# YOUR ASSIGNMENT
Images are to be excluded, and the rest of the data repeated exactly.

# DATASET EXCERPT

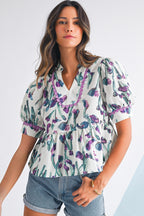Purple Floral Ricrac Trim Puff Sleeve Peplum Blouse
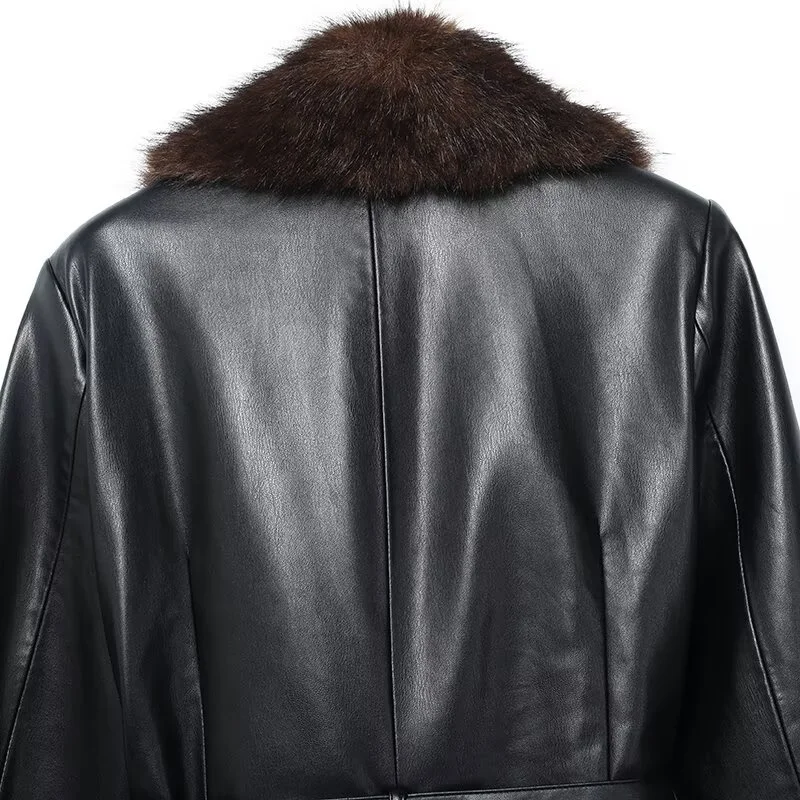 معطف نسائي شتوي جديد لعام 2025 أنيق غير رسمي بتأثير من الفرو الصناعي وياقة قابلة للفصل مع حزام معطف فضفاض #6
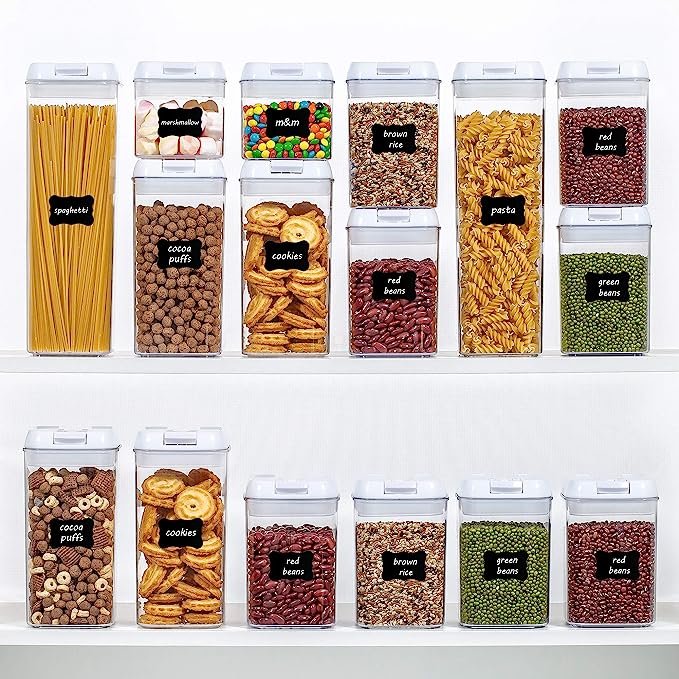 BPA Free Interchangeable Lids Kitchen Counter Food Storage Bin Container Set Heavy Duty Clear Plastic 7 Piece Color Box Square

# PROBLEM SOLUTION
Purple Floral Ricrac Trim Puff Sleeve Peplum Blouse
 معطف نسائي شتوي جديد لعام 2025 أنيق غير رسمي بتأثير من الفرو الصناعي وياقة قابلة للفصل مع حزام معطف فضفاض #6
 BPA Free Interchangeable Lids Kitchen Counter Food Storage Bin Container Set Heavy Duty Clear Plastic 7 Piece Color Box Square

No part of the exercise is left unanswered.